Jusqu’en 1970, date de l’avènement du sultan actuel, le pays était notablement arriéré. Depuis, il s’est modernisé spectaculairement grâce au pétrole, qui constitue le 80% de ses revenus. Certes, Qabous dirige en autocrate les 3,6 mio d’Omanais. Il détient la totalité du pouvoir, mais contrairement aux autres Etats du Golfe – selon Jean-Christophe Rufin qui vient d’y séjourner – le sultan pratique une politique de redistribution égalitaire des dividendes du pétrole qui garantit une relative paix sociale. C’est pourquoi plusieurs analystes qualifient Qabous de «despote éclairé». Il sait en effet faire preuve de pragmatisme. Contrairement à ses voisins, le pays n’est ni chiite, ni sunnite, mais ibadite. Cette troisième voie de l’islam remonte à la mort du Prophète (632) et n’a jamais rejoint l’un des deux camps après le schisme chiite/sunnite. L’ibadisme est rigoriste pour ses fidèles, mais tolérant vers l’extérieur.

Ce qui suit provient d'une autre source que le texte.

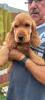 Engl.Cocker-Spaniel Welpen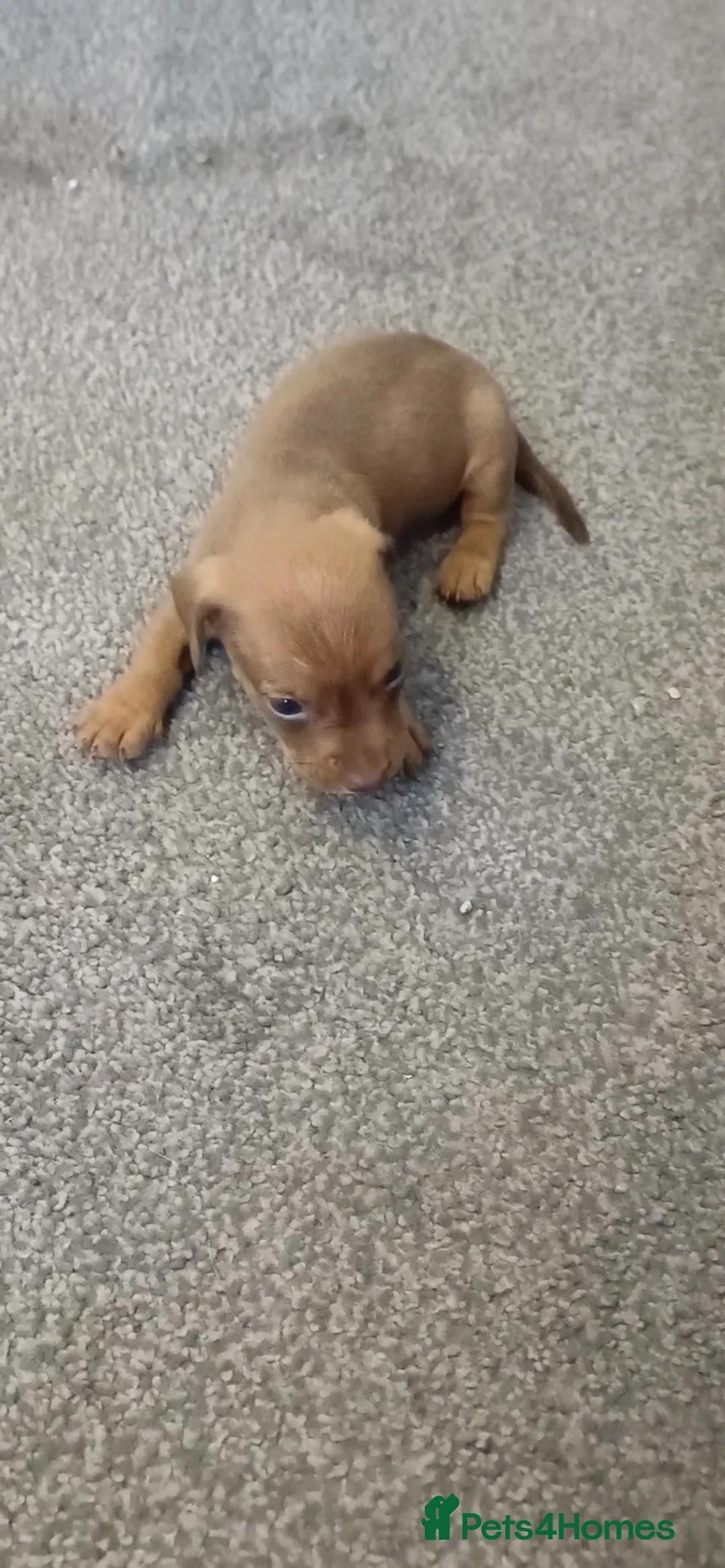 Mixed Breed dogs for sale: Bulldach puppies - Advert 2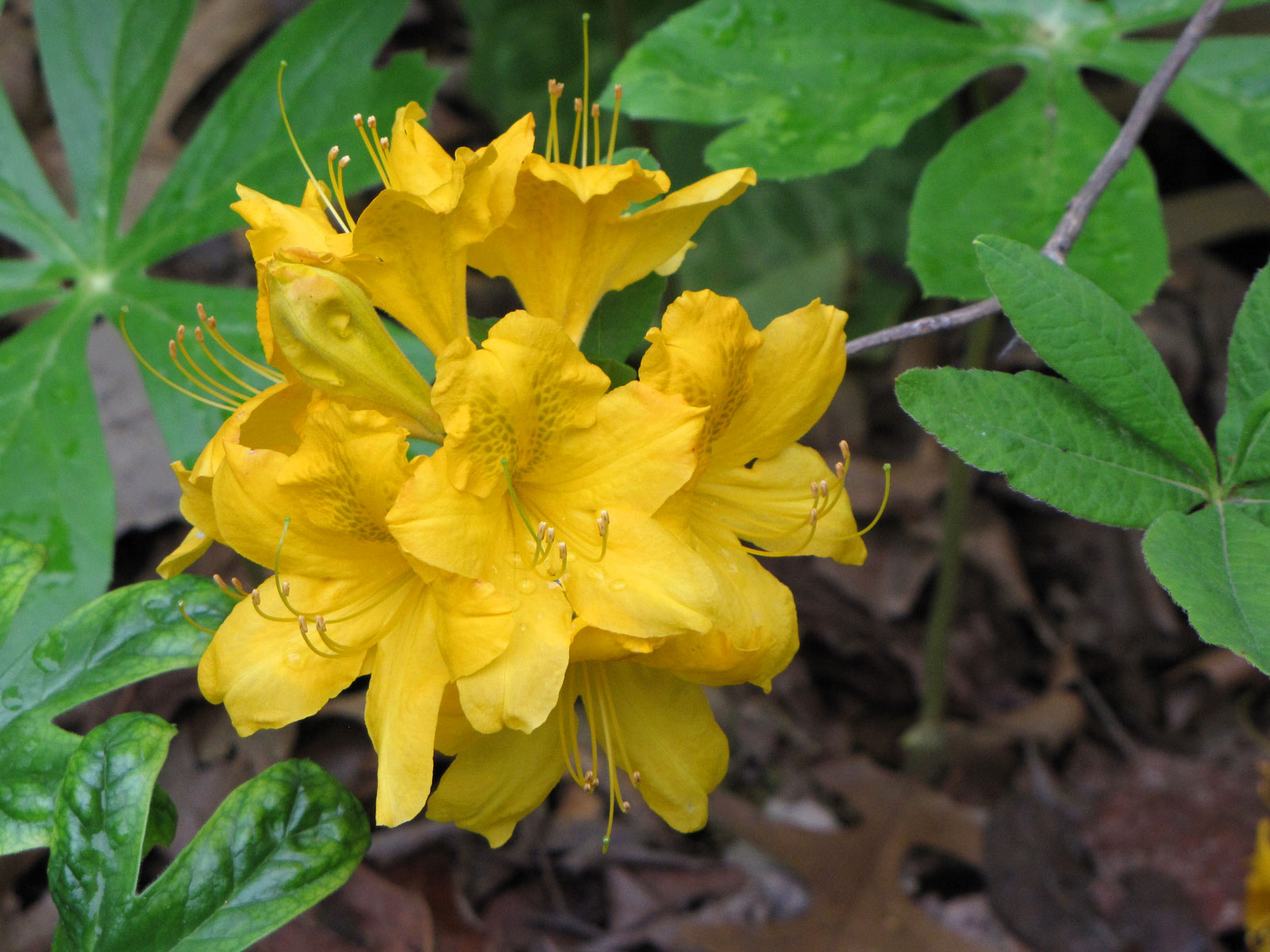 Rhododendron molle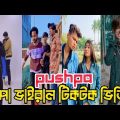 ржкрзБрж╖рзНржкрж╛ рж░рж╛ржЬ | pushpa New Tiktok | Bangla funny TikTok Video (ржкрж░рзНржм-рззрзж) TikTok Official #pushpa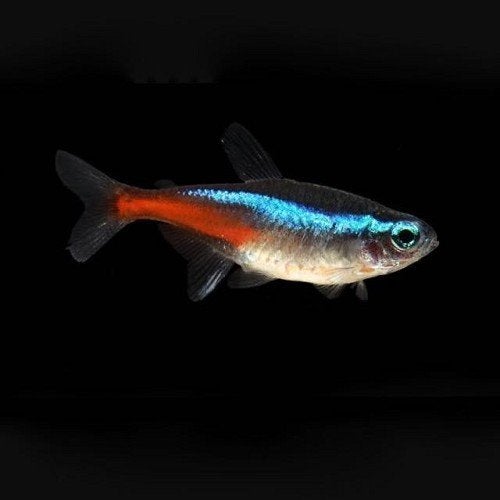 Paracheirodon innesi, Neon tetra, Dieren en Toebehoren, Vissen | Aquariumvissen, Vis, Zoetwatervis, Schoolvis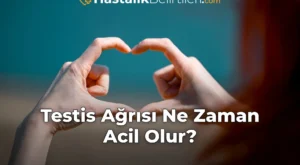 Testis Ağrısı Ne Zaman Acil Olur?
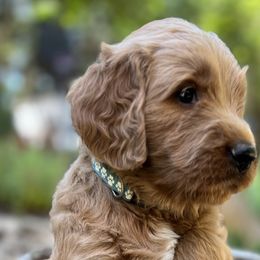 Light Blue Boy - Apricot Goldendoodle puppy in Pioneer, California from Poppy’s Precious Goldendoodles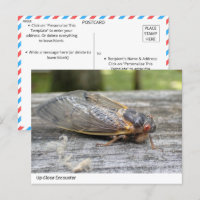 Encontro Apertado com a Natureza: Cartão-postal Ci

Il existe à Oman un «Ministère des affaires religieuses», une expression qui ne distingue pas l’islam des autres cultes. Son ministre a lui-même déclaré: «La religion est un espace sans frontières. Ici, chacun doit pouvoir prier dans de bonnes conditions.» Il souligne que «l’identité du pays» s’est construite autour de la cohabitation avec les autres communautés. Cette position «neutre» permet au sultan de jouer discrètement un rôle d’intermédiaire dans la région. L’une des réunions préparatoires à l’accord sur le nucléaire avec l’Iran s’est ainsi tenue dans la capitale, Mascate. Malgré ces aspects positifs, Amnesty International, dans son rapport 2017-2018, reproche au régime omanais de «restreindre les droits à la liberté d’expression et d’association, s’appuyant sur des procédures juridiques entachées d’irrégularités pour suspendre des journaux et arrêter, poursuivre et condamner des journalistes.» L’organisation relève aussi les mauvais traitements subis par les travailleurs migrants.

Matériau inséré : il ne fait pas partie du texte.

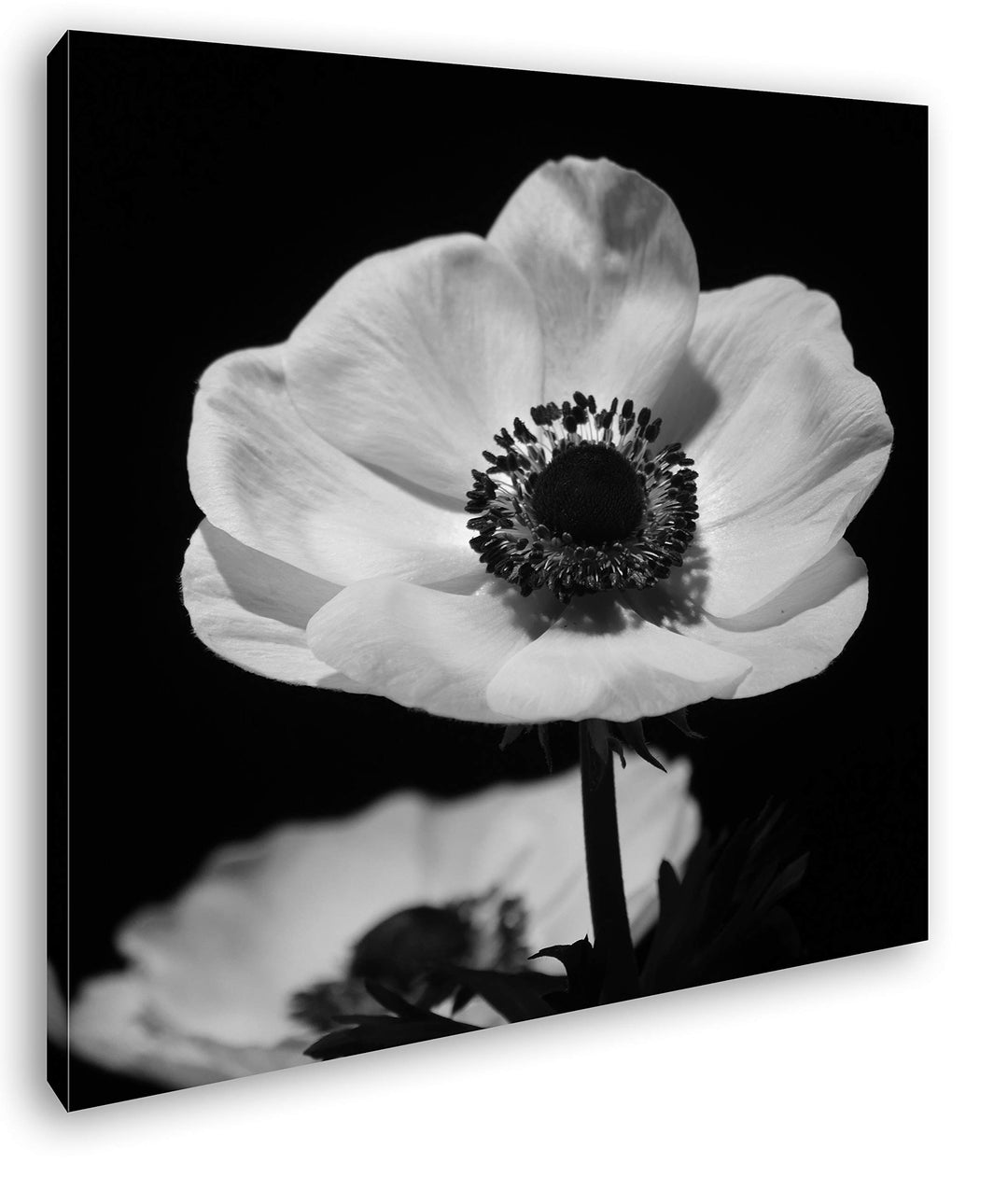 deyoli Dark Anemone Format: 60x60 Effekt: Schwarz&amp;Weiss als Leinwandbild, Motiv auf Echtholzrahmen,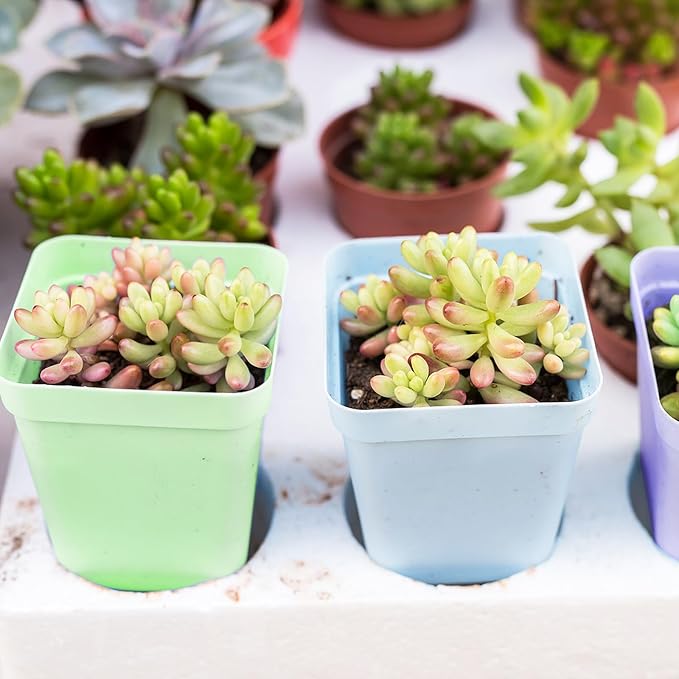 OJYUDD 24 Pack Multi Color Plastic Plant Pot,Colorful Plastic Square Pots,Mini Plastic Square Planters for Indoor Outdoor Plants Flowers,Garden,Office,Home Decor,with Pallet
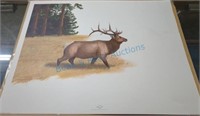 W American elk print signed and numbered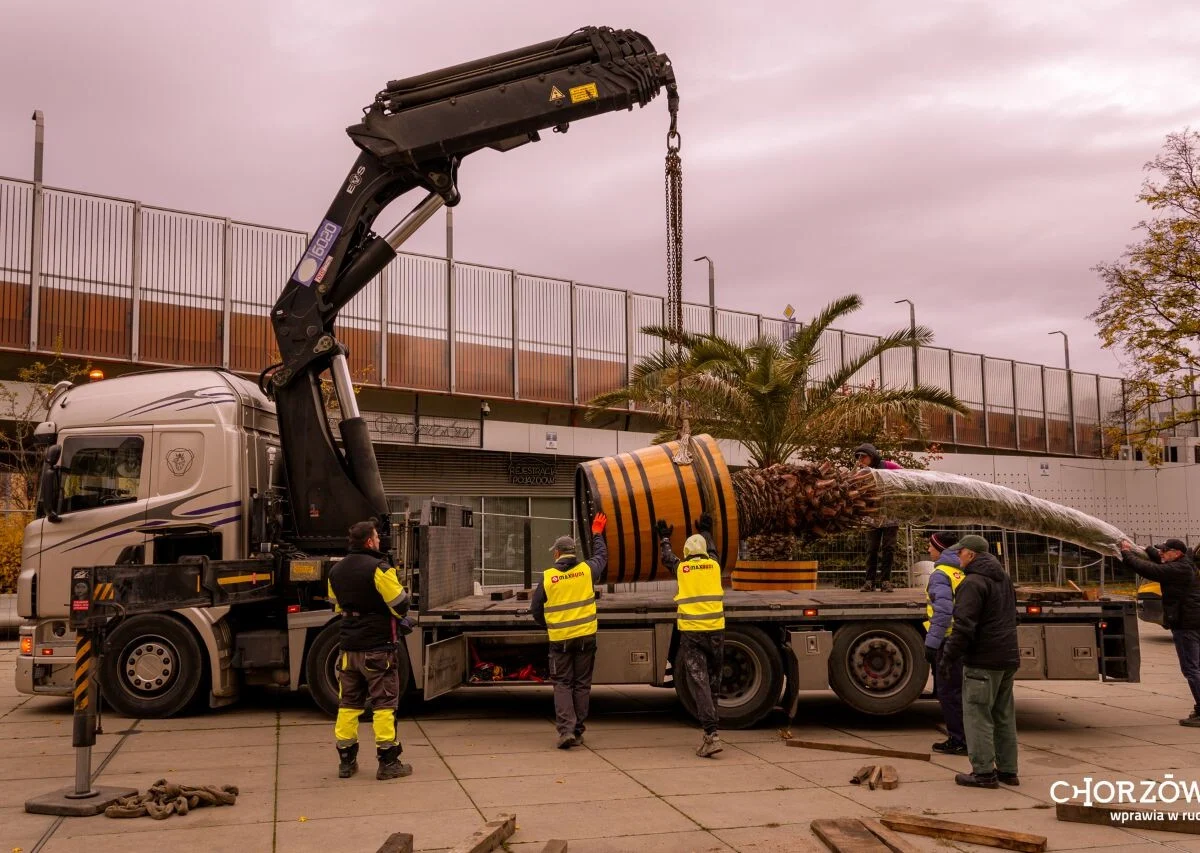 Palmy z chorzowskiego Rynku żegnają się na zimę – wrócą wiosną do Chorzowa!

Il n’en reste pas moins qu’Oman constitue une exception dans le golfe Persique. Il a constamment résisté aux pressions politiques et économiques du CCG (Conseil de coopération du Golfe) pour qu’il rentre dans le rang. Cette résistance dépend cependant de la santé économique du Sultanat, or cette santé s’est récemment fragilisée. De plus, la disparition de Qabous, âgé et malade, pourrait aussi contribuer à menacer l’équilibre politique d’Oman, cette «Suisse» du Golfe.